DIRECTIONS => Return the data below in full and exactly, except that the pictures are dropped.

Segment Start: RECORDED INFORMATION

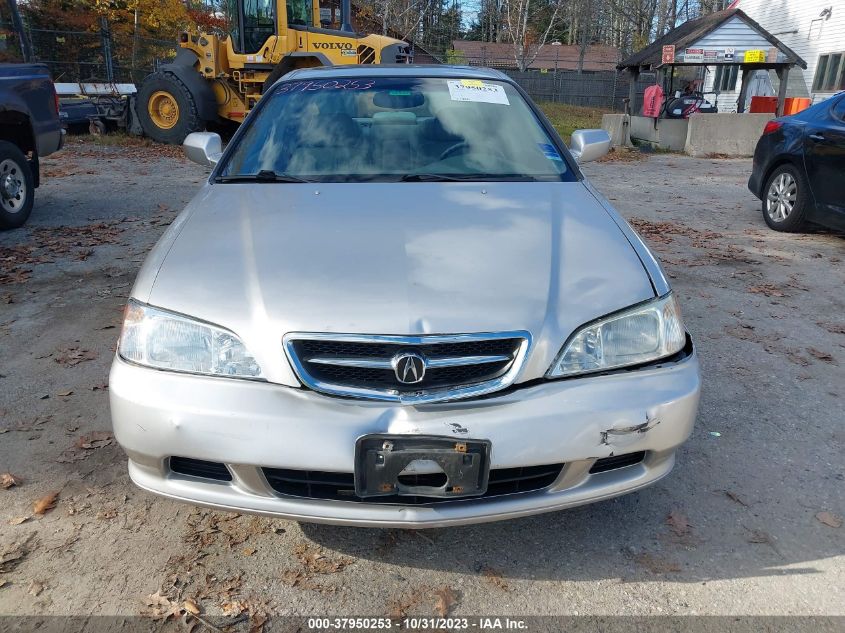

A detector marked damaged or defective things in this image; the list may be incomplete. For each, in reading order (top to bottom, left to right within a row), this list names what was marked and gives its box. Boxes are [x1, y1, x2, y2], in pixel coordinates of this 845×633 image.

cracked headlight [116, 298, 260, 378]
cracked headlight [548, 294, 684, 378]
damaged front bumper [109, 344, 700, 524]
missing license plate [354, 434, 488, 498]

Segment End: RECORDED INFORMATION

RESPONSE TO THIS EXERCISE =>
A detector marked damaged or defective things in this image; the list may be incomplete. For each, in reading order (top to bottom, left to right within a row), this list names what was marked and gives its box. Boxes are [x1, y1, x2, y2], in pixel coordinates of this 845×633 image.

cracked headlight [116, 298, 260, 378]
cracked headlight [548, 294, 684, 378]
damaged front bumper [109, 344, 700, 524]
missing license plate [354, 434, 488, 498]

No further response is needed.